RAID can also be implemented in normal PCs: low-cost RAID cards are available when this is not already present on more sophisticated motherboards. However, it is a technique historically used in servers or workstations where large volumes or high data storage performance are required: for example, to host a database or a digital audio or video editing station. RAID is also commonly found in NAS and, always, in storage systems for blade architectures.

Standard RAID levels

Level	Minimum number of discs	Capacity	Maximum number of defective discs allowed	Advantages	Disadvantages
RAID 0	2	C × N	0	Low implementation cost; high write and read performance thanks to the parallelism of I/O operations on concatenated disks.	Inability to use hot-spare disks; drastically reduced reliability, even compared to that of a single disk.
RAID 1	2	C	N - 1	Reliability, i.e. resistance to failure, which increases linearly with the number of copies; read speed (in certain implementations and under certain conditions).	Low scalability; costs increase linearly with the number of copies; write speed reduced to that of the slowest disk in the set.
RAID 2	7	C × (2P - P - 1) / N	1	Protection against incorrect readings from all discs.	A dedicated controller is required to synchronise the reading of all discs; a large number of discs are required to achieve acceptable data capacity.

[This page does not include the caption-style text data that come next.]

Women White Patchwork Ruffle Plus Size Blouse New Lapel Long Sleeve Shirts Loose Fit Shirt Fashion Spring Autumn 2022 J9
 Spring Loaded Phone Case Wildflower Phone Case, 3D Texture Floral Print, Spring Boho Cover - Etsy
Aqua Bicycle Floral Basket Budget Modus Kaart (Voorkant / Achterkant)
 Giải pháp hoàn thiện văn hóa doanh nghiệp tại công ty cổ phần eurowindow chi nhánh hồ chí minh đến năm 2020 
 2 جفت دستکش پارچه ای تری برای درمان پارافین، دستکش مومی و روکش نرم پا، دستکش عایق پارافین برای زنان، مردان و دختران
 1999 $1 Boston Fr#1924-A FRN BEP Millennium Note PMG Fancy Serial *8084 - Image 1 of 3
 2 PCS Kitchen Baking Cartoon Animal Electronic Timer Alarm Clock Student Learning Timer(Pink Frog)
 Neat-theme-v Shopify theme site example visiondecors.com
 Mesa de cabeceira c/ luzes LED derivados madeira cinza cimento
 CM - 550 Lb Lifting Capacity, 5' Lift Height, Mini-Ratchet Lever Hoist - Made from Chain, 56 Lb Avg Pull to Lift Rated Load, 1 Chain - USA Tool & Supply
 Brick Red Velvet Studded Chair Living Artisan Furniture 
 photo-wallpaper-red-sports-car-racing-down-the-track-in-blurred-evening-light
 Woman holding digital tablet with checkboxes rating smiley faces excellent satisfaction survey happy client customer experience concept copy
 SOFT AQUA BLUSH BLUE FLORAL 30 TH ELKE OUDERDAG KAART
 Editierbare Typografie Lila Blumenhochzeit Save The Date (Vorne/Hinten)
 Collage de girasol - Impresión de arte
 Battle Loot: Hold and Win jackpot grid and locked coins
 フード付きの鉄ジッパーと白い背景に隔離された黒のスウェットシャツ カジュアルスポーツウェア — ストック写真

RAID 3	3	C × (N - 1)	1	Write speed equal to read speed.	Reading a block involves all disks, and therefore reads cannot be parallelised.
RAID 4	3	C × (N - 1)	1	Fault tolerance; fast read speeds thanks to parallel structure; option to add hot-spare disks.	The disk used for parity can be the bottleneck of the system; slow writing due to parity modification and calculation (4 disk accesses for each I/O operation).
RAID 5	3	C × (N − 1)	1	Parity is distributed, so there is no disk bottleneck problem as in RAID 4. Read and write speeds are faster than RAID 4 (because the disk dedicated to parity in RAID 4 can now be used for parallel reads).	Slow writes due to parity modification and calculation (4 disk accesses per I/O operation), but still faster than a single disk and increases as the number of disks increases. On a P410 controller, a RAID 5 consisting of 5 10,000 RPM disks, sequential read/write is comparable to that of an SSD; with 10 disks, it is more than double.
RAID 6	4	C × (N − 2)	2	Extremely high fault tolerance thanks to dual redundancy.	Very slow writing due to parity modification and calculation (6 disk accesses for each I/O operation), N+2 disks required, very expensive due to redundancy and complexity of the controller structure. Write Hole problem. Writes on different devices are not atomic as a whole: this means that a power failure during writing can lead to data loss. For example, with a system with 3 disks in RAID 5, if you wanted to modify block n, you would have to perform the following operations: read block n-1, read parity, calculate new parity, write block n, and write parity. The problem arises if the power fails during these last two operations.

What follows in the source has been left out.